Troubleshooting: Replication slot is active

View as Markdown

This guide helps you troubleshoot and resolve the “replication slot… is active” error that can occur with PostgreSQL sources in Materialize.

What this error means

When you see an error like:

postgres: ERROR replication slot "materialize_1002f37c6eeb4c28b052fa3805d46baa" is active for PID 610

This means that PostgreSQL has detected an attempt to use a replication slot that is already in use by another active connection. Each replication slot can only have one active consumer at a time, and this error occurs when Materialize tries to connect to a slot that PostgreSQL considers already active.
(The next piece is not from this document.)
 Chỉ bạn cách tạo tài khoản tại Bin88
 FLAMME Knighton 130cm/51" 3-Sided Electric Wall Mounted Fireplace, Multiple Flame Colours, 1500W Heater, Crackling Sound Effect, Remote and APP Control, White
This error is generally transient and indicates a race condition during connection management between Materialize and PostgreSQL.

Common causes

PostgreSQL or Materialize maintenance: During maintenance windows, Materialize clusters or PostgreSQL instances may restart, causing active replication connections to be temporarily interrupted. When the cluster comes back online, it attempts to reconnect to the replication slot before PostgreSQL has fully released the previous connection.
Cluster replica changes: Adding replicas to your Materialize source cluster can cause the ingestion process to restart from a different replica, triggering this error as multiple replicas attempt to use the same replication slot.
Source restarts or failover: When a source cluster restarts or fails over to another replica, the new replica may attempt to connect to the replication slot before PostgreSQL has released the previous connection.
Network interruptions: Brief network disconnections can leave PostgreSQL thinking a connection is still active when Materialize has already moved to a new connection attempt.
PostgreSQL connection cleanup delays: PostgreSQL may not immediately release replication slots when connections are terminated, especially if the termination was not graceful.
Multiple environments or sources: Accidentally configuring multiple Materialize sources to use the same replication slot.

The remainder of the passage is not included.